---- RECORDS FOR PROCESSING

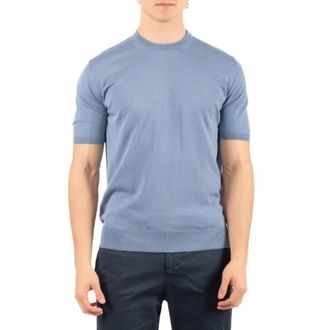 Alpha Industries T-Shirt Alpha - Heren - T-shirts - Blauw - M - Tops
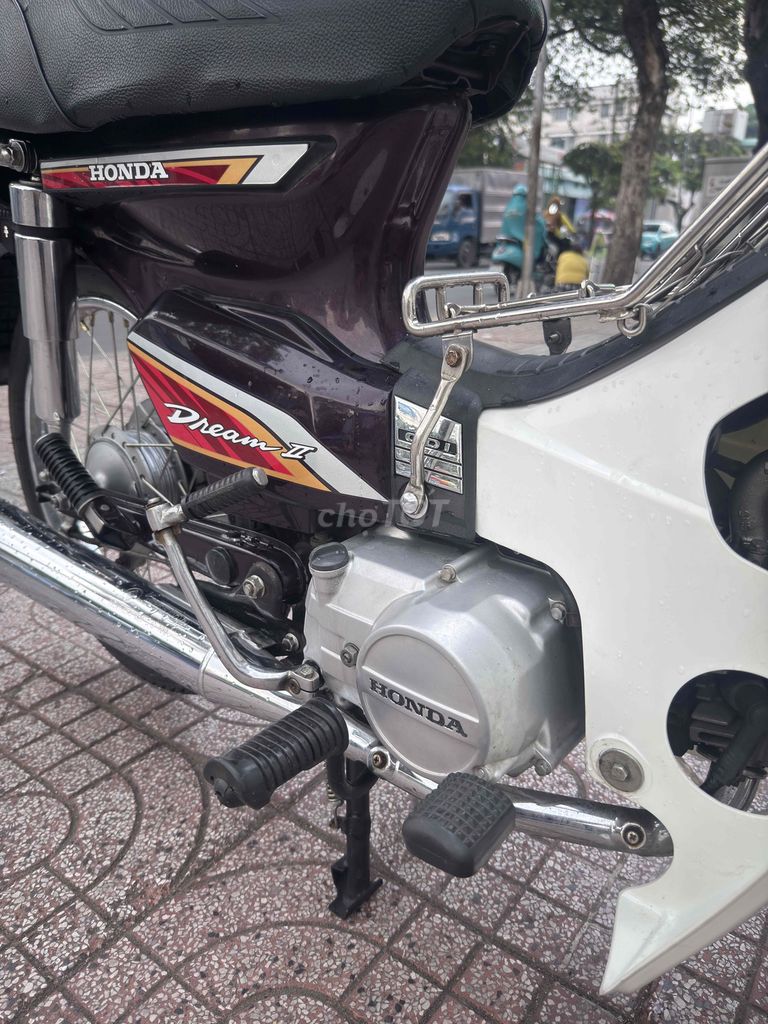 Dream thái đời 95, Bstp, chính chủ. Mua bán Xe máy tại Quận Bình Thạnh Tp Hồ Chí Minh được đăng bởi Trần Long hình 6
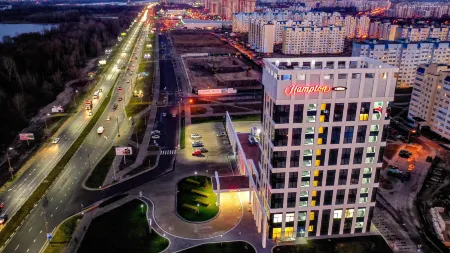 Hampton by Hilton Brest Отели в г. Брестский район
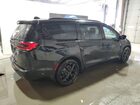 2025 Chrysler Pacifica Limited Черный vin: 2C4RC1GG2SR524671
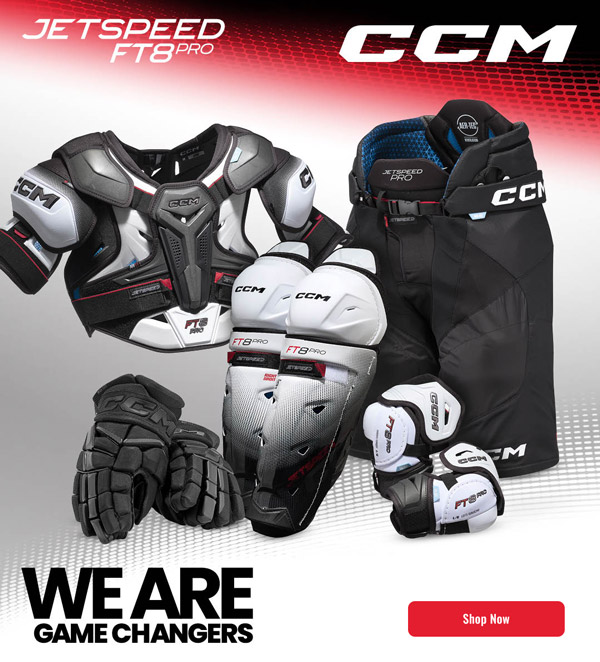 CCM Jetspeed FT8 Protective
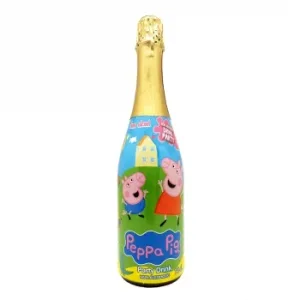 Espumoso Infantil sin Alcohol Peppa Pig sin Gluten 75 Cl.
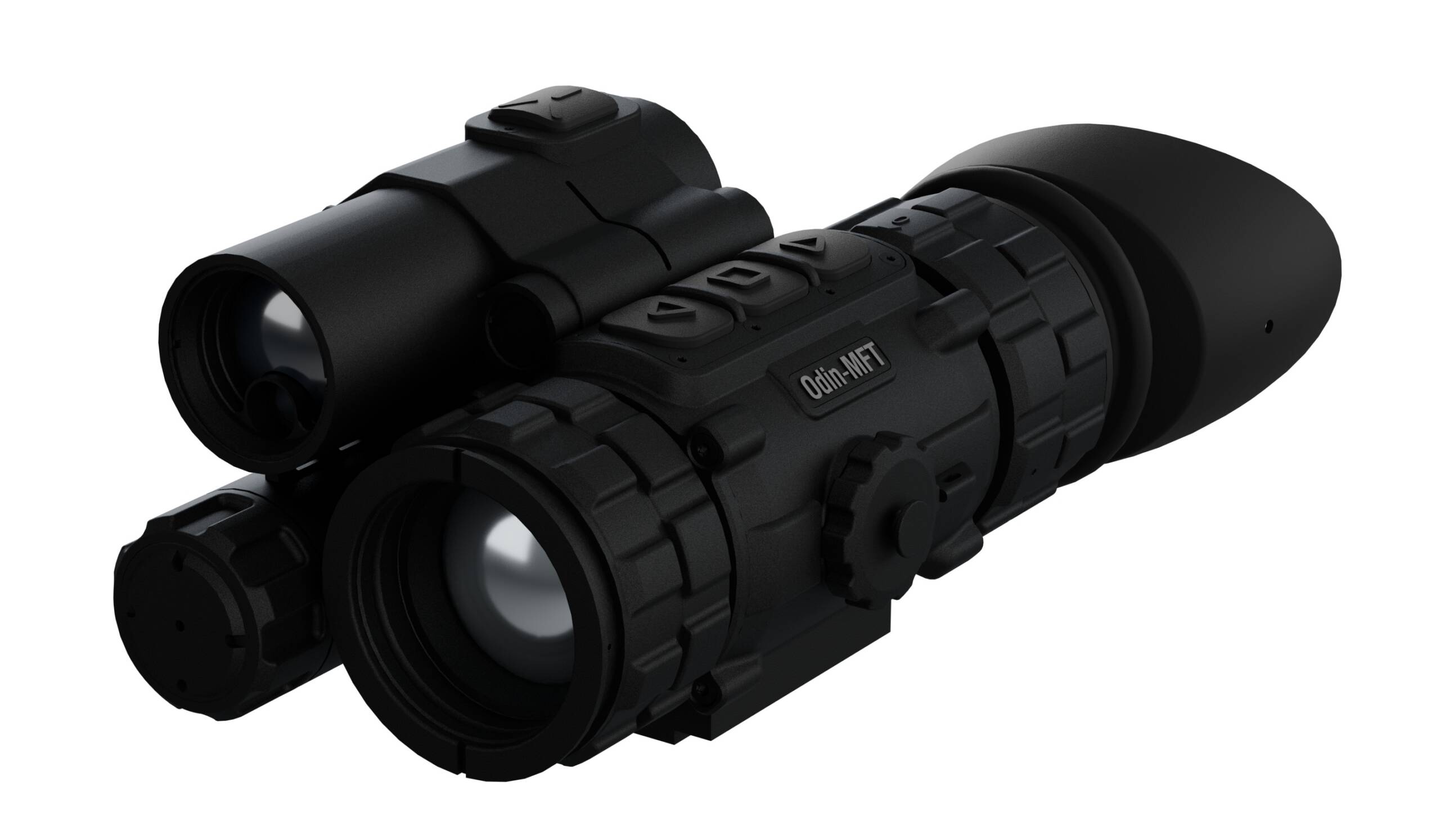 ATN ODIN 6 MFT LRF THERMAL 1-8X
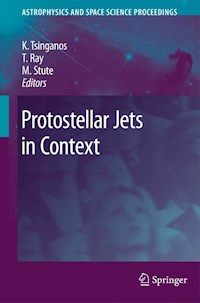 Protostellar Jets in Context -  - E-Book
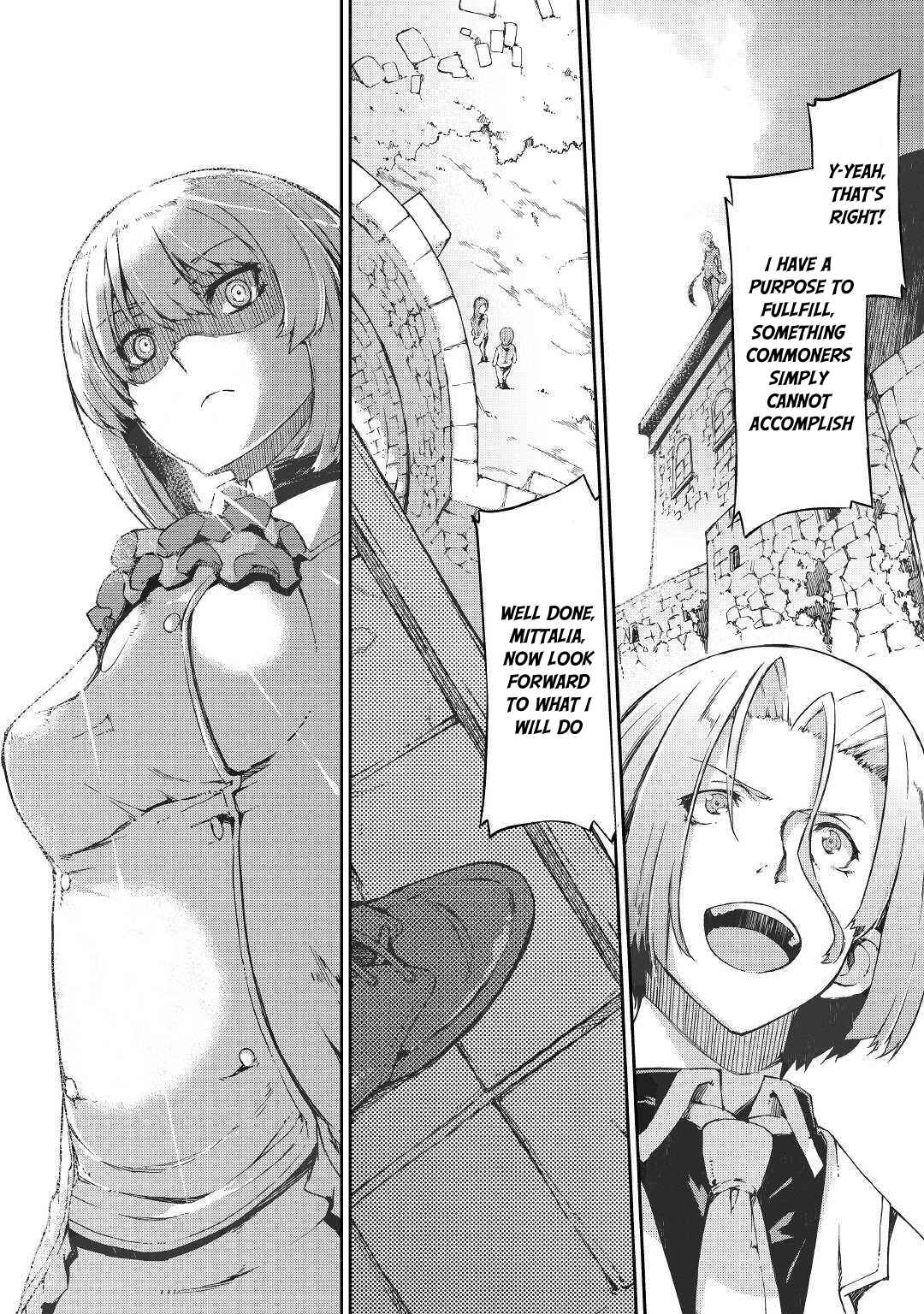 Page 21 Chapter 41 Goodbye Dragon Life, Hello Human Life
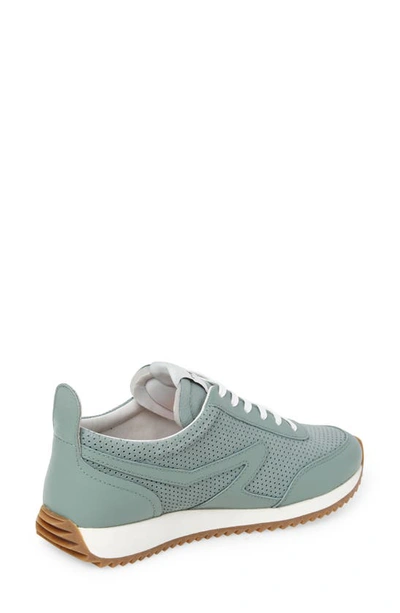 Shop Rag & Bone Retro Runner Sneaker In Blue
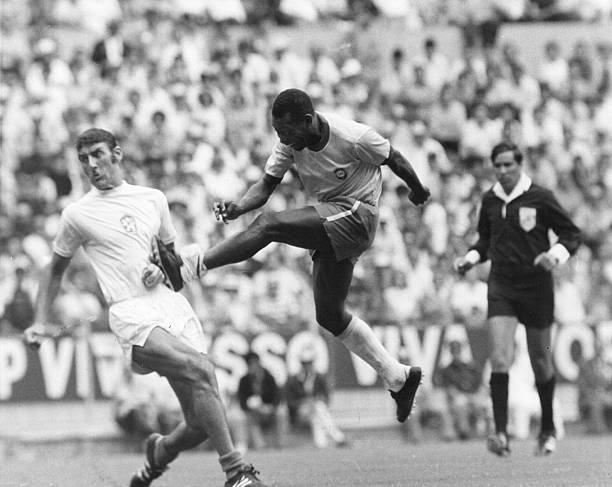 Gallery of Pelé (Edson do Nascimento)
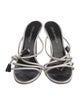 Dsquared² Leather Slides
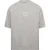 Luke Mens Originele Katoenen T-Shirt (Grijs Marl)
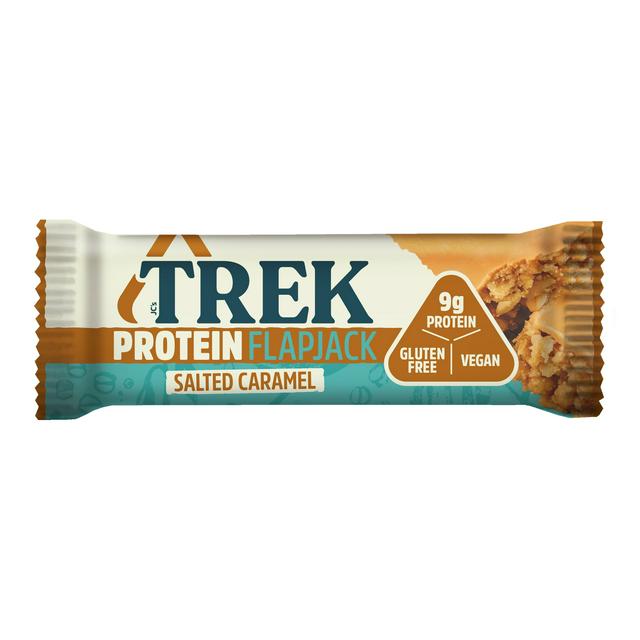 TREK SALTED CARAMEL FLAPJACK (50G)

--------

• _EXERCISE BRIEF_
What you output must match the data exactly, apart from the pictures, which are left out.

• _ANSWER FOR THE TASK_
 Alpha Industries T-Shirt Alpha - Heren - T-shirts - Blauw - M - Tops
 Dream thái đời 95, Bstp, chính chủ. Mua bán Xe máy tại Quận Bình Thạnh Tp Hồ Chí Minh được đăng bởi Trần Long hình 6
 Hampton by Hilton Brest Отели в г. Брестский район
 2025 Chrysler Pacifica Limited Черный vin: 2C4RC1GG2SR524671
 CCM Jetspeed FT8 Protective
 Espumoso Infantil sin Alcohol Peppa Pig sin Gluten 75 Cl.
 ATN ODIN 6 MFT LRF THERMAL 1-8X
 Protostellar Jets in Context -  - E-Book
 Page 21 Chapter 41 Goodbye Dragon Life, Hello Human Life
 Shop Rag & Bone Retro Runner Sneaker In Blue
 Gallery of Pelé (Edson do Nascimento)
 Dsquared² Leather Slides
 Luke Mens Originele Katoenen T-Shirt (Grijs Marl)
 TREK SALTED CARAMEL FLAPJACK (50G)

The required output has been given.